You saw this. This is the patient disposition. There's really nothing new to talk about. It's collated to slightly different way, but there have been no additional deaths, no additional transformations. We're unaware of any other changes, a lack of response and this is more updated that you can't pick and tie, guys. This is a more recent data set because he has access to those data. These are all of the grade 3 for non-hematologic adverse event that he showed today. He commented that these were not attributable to the drug in his view and these are the treatment related myelosuppressive toxicities and it ticks up with the picture that we've seen over and over again.
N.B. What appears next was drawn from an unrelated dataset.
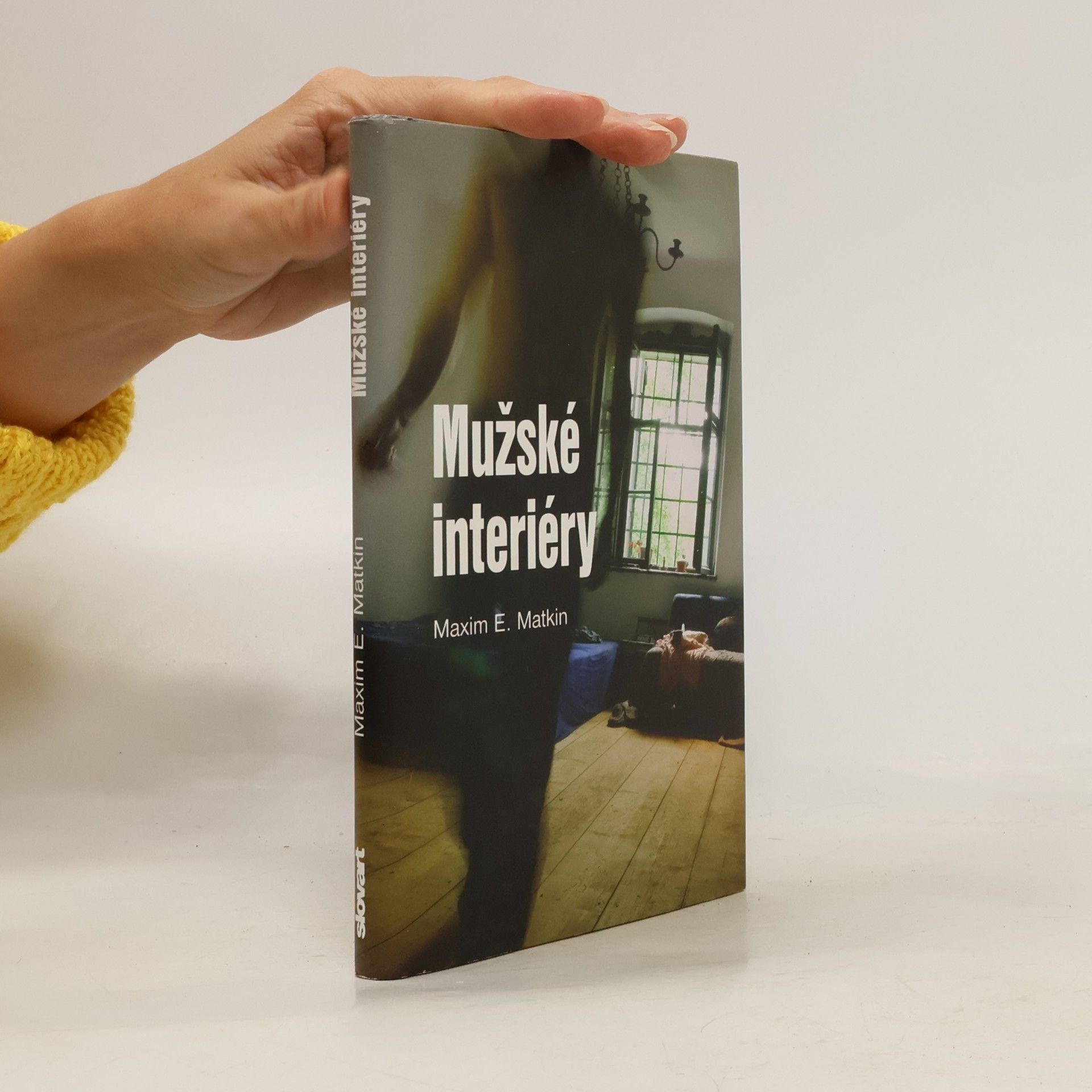 Maxim E. Matkin Mužské interiéry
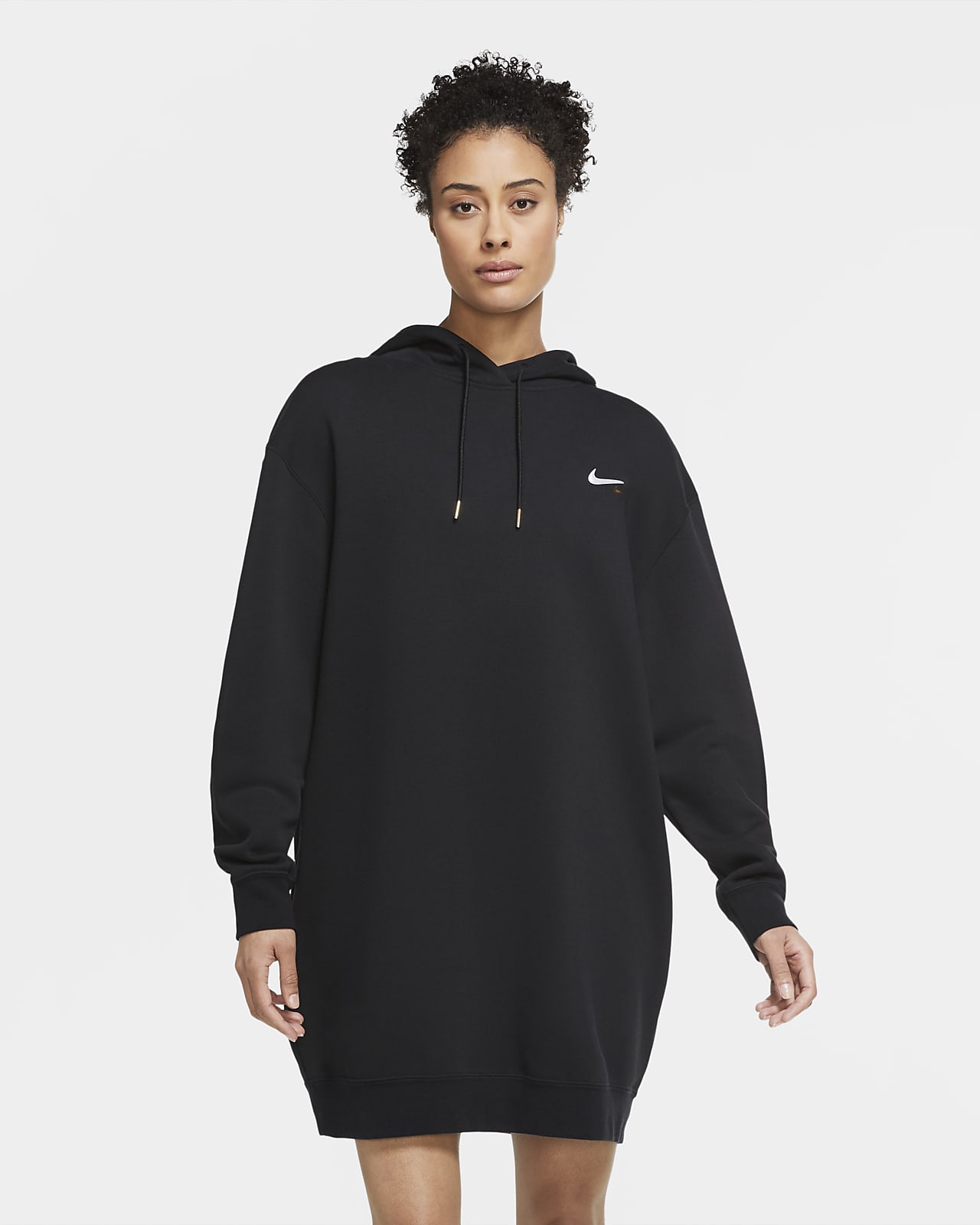 Pullover Hoodie Dress. Nike GB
I will tell you right now most hematologists who treat these disorders do not worry too much about grade 3, but they do worry about grade 4. And I think this is the very important finding in this and is equal to 33. The patients in the B -- group B treatment paradigm have clearly a higher grade 4 thrombocytopenia and neutropenia than the patients in grade 1 where there was no grade 4 thrombocytopenia and no grade 4, only 1 patients with grade 4 neutropenia. So this has certainly given us these observations that myelosuppression is principal dose-limiting toxicity. We think it's a theory that it's on-target toxicity due to effects on progenitor cells. I think most of the academics believe that to be the case. It's clearly manageable through dose hold rules and dose modifications. And to mitigate against the risk of severe persistent cytopenias, the Mayo Clinic protocol has been amended to raise the hematologic thresholds for retreatment and include more stringent monitoring and dose adjustment criteria. And the non-hematologic adverse effects have been generally not very much to write home about. So this -- these are the conclusion. We just simply reiterate the efficacy and safety conclusions. And so I think that I will end there, and we will open the floor to questions.